I’ve been in a season of more teaching and public speaking than usual. This has been good for me, as presenting or teaching in public – once easy and enjoyable – has been for a long time now a battle against anxiety and panic attacks. That struggle is getting easier, by the grace of God. Though I still long for much greater freedom in this particular area of ministry.

These opportunities to teach have reminded me of one dynamic that teachers know all too well – that the overwhelming majority of your prepared content doesn’t stick in the minds and hearts of your listeners. I find myself praying as I begin, “Lord, by your Spirit, allow those particular truths that we need to actually stick onto our minds and hearts today.”

As a freshman in college, about to embark on an intense yearlong worldview, history, and missions course, I remember John Piper encouraging our cohort in this area. “You’re only going to get five percent – tops – of what I teach or what your other professors teach you in a given lecture. What do we do with this? Should we despair?” The small percentage I remember from his conclusion is that we shouldn’t worry about that ninety-five percent that falls by the wayside. If the affections have been engaged by God’s truth, then that person has momentarily seen more of Christ, and it has been worth it.

That’s quite a sacrifice. Ninety-five percent of prepared and taught content being sacrificed for the five percent that might stick and engage the affections. An entire sermon spent for the sake of that one sermon idea, point, off-hand remark, or illustration that a listener holds onto. Hours and hours of preparation so that a listener might remember a few convicting words and might move a few millimeters toward faithfulness. In the end, the vast majority doesn’t stick. It melts away, like a snow dusting on our Central Asian street as soon as the sun rises.

Thinking of this can be a bit discouraging. It leads some missionaries to scoff at lengthy lessons and sermons as Western and ineffective, not reproducible and a waste of precious time. But does the amount lost – the amount that doesn’t stick – actually mean we are doing something wrong?

I have found encouragement recently in reflecting upon how very “wasteful” God seems to be in his secondary book of revelation – the book of creation.

The heavens declare the glory of God, and the sky above proclaims his handiwork – Psalm 19:1.

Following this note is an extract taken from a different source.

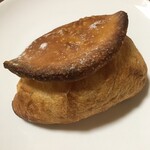 부랑제 시게미 - 산초 크림치즈  ￥302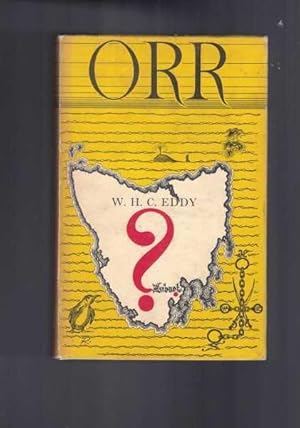Seller image for Orr for sale by Berry Books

Creation – all of it – is preaching about the glory of God. It is constantly doing this. And it is doing it everywhere, whether we are paying attention or not. It simply proclaims and keeps on proclaiming, even when there is no one around – no humans anyway. God, and the creation itself, don’t seem to be bothered by this great “waste.” Rather, it seems as if they revel in it, like it’s some kind of fun secret that we are the poorer for not being in on.

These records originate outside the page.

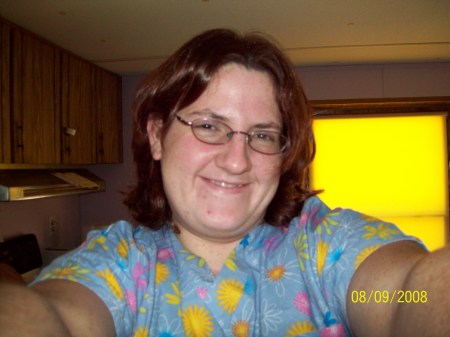 Kimberly Schmidt's Classmates® Profile Photo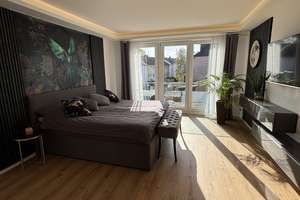 Exklusives, Teilmöbliertes 3,5 Zi. Eckreihenhaus mit Sauna & Smart-Home – ruhige Lage in Bonn-Beuel  – Die vollständige Adresse der Immobilie erhältst du vom Anbieter., 53225 Vilich, Bonn – Vorschaubild 15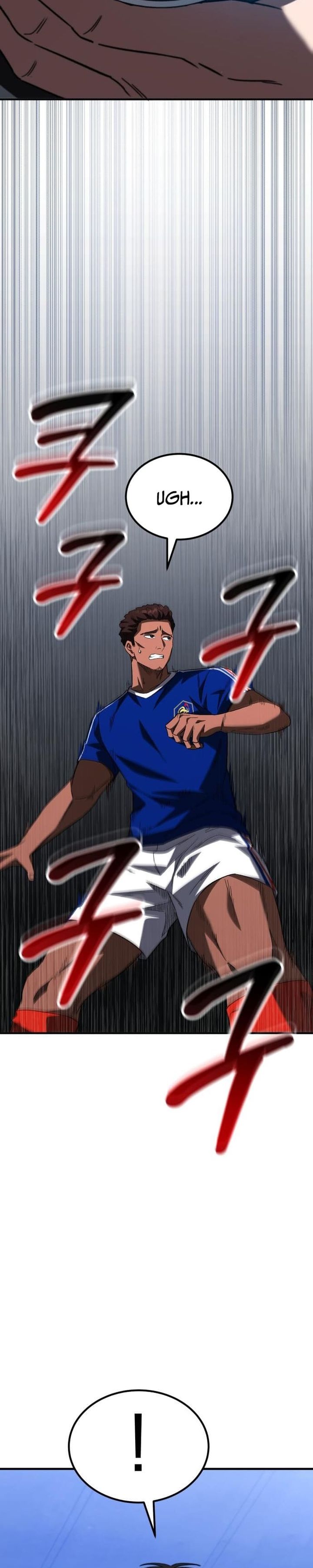 The Genius Midfielder’s Pass Is Special Chapter 17 Gambar 9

Was it a problem that creatures like the angler fish (horrifyingly fascinating and bio-luminescent) and the grasshopper mouse (eats scorpions, immune to their venom, howls like a wolf after eating) weren’t discovered by humans until 1833? What about all their “sermons” they were preaching in the previous thousands of years about the glory, creativity, and unexpected artistic flourishes of God? Was there an exasperated sigh in heaven when these bizarre creatures were at last discovered? Or… perhaps rejoicing? “Ha! They finally found that one! They never saw that one coming!”

God, it seems, delights in all of this excess. He does not seem concerned that we are getting such a small percentage of the rich homilies pouring out of nature day and night. He is beyond lavish in his sermons, and knows that most are not being retained by our limited minds and attention spans.

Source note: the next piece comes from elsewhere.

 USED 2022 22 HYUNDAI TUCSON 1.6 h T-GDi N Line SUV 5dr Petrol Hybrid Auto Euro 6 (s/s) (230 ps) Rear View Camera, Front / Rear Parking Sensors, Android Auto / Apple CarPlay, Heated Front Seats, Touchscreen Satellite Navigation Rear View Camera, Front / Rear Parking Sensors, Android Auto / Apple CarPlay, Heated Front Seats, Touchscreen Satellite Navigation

Perhaps this is because we were never the primary audience in the first place. Those angler fish and grasshopper mice were intended primarily for the pleasure of the king. The songs of the stars? The same. They exist as an overflow of the love between the Father, Son, and Holy Spirit. Their purpose is first God-ward, and then after that we are invited to listen, learn, and join in.

This then leads to an encouragement for the discouraged teacher or preacher. That sermon or lesson was never meant to be primarily for your hearers. Instead, it was an act of worship to the king of the universe. And the hearers might hold onto that one random sentence for years to come. What a bonus!

I am regularly encouraged by the seemingly random things that do stick. “You took away that from my teaching? Huh.” And I am even learning to find joy in the parts no one seems to remember. Those parts, like some bizarre creature not yet discovered, are a secret between me and heaven.

The king sees and delights in them. And that is a stunning thing.